As Dorothea Mackellar poetically pointed out, “droughts and flooding rains” have been a feature of Australia throughout history, so maybe we shouldn’t be all that surprised when they happen.

However, we also know that the reported costs of flooding in Australia have been increasing, most likely through a combination of increased reporting, increased exposure through land use change and population growth, and changes to flood magnitude and severity. So it is critical that we understand what might be causing these changes.

This was the question we asked in our review on how flood impacts have changed over time in Australia and how they may change in the future. We found that despite decades of research in these areas, there are still many gaps in what we know.

Copping a soaking

We know that floods depend not just on how much rain falls, but also on how wet the ground is before a heavy rainfall, and how full the rivers are. We also have evidence that the storms that generate heavy rainfall will become more intense in the future, because as the atmosphere warms it can hold more moisture.

This is particularly the case for storms that last just a few hours; in fact we think that these storms are the most likely to show the largest increases. In urban environments this translates to an even greater flood risk, because the concrete and hard surfaces allow this intense rain to run off quickly through storm drains and into creeks and rivers, rather than seeping into the landscape.

Paved surfaces can prompt flash floods. AAP Image/Dean Lewins

In larger catchments and rural areas the story is more complicated than in cities. If the soil is very wet as a result of rain over the previous weeks and months, then when a big storm hits there will be a lot of runoff. In contrast, if the soil is dry then flooding is less likely to be a problem.

Engineers currently use simple models to estimate this relationship between soil wetness and storm rainfall. But our research indicates that these simple models will need to be replaced with longer-term simulations that model all of the previous rainfall leading up to the storm.

Simple models use simple assumptions to translate rainfall risk into flood risk. But if these assumptions are incorrect, our estimates of flood risk (that is, the probability of a given flood magnitude occurring in any particular year) could be wrong. Flood risk is used to guide infrastructure assessment through cost-benefit ratios, so getting it right is important.

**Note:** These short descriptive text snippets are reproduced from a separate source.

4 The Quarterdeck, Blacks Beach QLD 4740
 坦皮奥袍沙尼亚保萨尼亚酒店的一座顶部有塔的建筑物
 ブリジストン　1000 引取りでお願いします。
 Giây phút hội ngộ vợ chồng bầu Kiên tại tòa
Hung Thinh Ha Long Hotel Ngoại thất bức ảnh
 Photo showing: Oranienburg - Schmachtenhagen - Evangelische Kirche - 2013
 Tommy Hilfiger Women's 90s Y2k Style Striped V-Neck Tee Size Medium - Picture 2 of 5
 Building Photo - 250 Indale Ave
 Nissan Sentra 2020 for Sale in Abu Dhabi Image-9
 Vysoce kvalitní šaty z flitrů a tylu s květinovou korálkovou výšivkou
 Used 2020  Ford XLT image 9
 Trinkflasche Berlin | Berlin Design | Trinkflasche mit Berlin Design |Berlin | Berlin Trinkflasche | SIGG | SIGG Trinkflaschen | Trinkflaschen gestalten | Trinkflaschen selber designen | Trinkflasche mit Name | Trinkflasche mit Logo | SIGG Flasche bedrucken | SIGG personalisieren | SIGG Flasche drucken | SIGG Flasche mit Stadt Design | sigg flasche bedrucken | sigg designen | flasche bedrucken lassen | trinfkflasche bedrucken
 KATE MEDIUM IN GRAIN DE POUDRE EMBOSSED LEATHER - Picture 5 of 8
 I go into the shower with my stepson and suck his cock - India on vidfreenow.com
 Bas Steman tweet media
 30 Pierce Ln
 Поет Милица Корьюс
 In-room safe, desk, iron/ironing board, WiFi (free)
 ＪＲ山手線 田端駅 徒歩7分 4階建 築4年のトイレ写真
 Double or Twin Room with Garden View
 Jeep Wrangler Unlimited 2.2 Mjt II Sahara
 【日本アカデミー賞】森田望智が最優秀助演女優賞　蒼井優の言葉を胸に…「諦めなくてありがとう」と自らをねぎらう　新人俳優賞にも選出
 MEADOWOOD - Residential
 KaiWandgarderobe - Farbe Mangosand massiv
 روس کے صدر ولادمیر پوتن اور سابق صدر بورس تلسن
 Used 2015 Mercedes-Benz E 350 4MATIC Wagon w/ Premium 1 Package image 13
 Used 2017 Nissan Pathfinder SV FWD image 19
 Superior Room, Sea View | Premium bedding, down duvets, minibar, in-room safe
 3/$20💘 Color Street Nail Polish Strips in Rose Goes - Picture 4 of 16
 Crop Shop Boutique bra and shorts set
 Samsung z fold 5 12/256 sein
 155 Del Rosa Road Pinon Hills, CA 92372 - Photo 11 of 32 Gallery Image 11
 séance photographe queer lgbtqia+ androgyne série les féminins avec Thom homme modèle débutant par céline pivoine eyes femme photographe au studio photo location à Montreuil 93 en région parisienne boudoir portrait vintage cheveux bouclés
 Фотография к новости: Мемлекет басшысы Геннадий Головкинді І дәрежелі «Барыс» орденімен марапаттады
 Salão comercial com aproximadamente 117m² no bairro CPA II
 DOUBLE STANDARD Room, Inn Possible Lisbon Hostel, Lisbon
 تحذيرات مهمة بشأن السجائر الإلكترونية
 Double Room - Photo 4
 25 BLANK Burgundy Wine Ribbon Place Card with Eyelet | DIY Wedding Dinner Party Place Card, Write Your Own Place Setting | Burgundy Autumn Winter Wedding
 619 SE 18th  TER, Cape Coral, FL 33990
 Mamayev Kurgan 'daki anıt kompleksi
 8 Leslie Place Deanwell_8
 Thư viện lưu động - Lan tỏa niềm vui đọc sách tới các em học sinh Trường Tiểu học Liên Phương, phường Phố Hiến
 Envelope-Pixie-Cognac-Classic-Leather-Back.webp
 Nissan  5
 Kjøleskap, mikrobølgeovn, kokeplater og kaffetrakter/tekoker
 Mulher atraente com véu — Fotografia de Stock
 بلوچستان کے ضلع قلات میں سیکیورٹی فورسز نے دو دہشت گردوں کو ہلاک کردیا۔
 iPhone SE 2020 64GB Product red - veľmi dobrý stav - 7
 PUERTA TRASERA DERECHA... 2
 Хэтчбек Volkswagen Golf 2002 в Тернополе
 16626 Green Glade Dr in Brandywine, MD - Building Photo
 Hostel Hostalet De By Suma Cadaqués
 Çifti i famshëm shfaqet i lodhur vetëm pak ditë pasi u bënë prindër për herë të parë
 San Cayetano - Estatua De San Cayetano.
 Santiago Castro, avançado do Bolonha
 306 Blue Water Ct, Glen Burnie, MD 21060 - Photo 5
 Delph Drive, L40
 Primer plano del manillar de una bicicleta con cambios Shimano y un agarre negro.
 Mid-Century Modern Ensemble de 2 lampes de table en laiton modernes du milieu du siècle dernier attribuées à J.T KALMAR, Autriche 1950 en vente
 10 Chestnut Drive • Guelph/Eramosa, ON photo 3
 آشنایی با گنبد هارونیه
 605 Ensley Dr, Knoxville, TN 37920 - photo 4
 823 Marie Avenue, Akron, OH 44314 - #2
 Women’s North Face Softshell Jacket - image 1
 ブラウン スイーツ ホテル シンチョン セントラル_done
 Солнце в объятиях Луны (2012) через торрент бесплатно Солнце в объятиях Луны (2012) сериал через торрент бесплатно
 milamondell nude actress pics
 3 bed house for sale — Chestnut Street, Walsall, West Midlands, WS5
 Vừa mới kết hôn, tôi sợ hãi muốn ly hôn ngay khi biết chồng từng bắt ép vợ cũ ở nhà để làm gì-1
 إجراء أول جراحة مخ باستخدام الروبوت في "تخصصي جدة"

One of the reasons that catchment wetness varies is because of climate cycles like El Niño and La Niña. We have some idea how these and similar ocean cycles affect our climate, including the fact that they can cause fluctations in flood risk over decades-long timescales.

The difficulty here is that for most locations we only have 50 to 60 years of recorded river flow data. This makes it hard to separate out the influences of these climate cycles from other trends in flood data, such as the effect of increasing urbanisation.

There has been progressively less monitoring of streamflow in Australia over the past few decades, and this makes it even harder to understand regional changes in flood risk. Governments need to prioritise investment in data collection to allow us to improve our estimates of the risk of flooding and the associated damages now and in the future.

The recent work by the Bureau of Meteorology to develop a comprehensive set of high quality streamflow gauge data is a step in the right direction, but much more investment is needed in these areas.

Finally, we recommend that continued research into the fundamental changes likely from climate change is required. This requires climate models to be run at a range of resolutions to enable all the important climate processes for extreme rainfall to be properly represented.

Recent pressure on CSIRO’s climate modelling capabilities is concerning – the scientific questions are by no means fully answered on these topics. It is great to see the recent funding of the ARC Centre of Excellence on Climate Extremes. The work of these researchers, combined with ongoing efforts across Australia, will be important to provide better assessments on climate changes. This can help engineers and hydrologists continue to provide accurate flood risk estimates.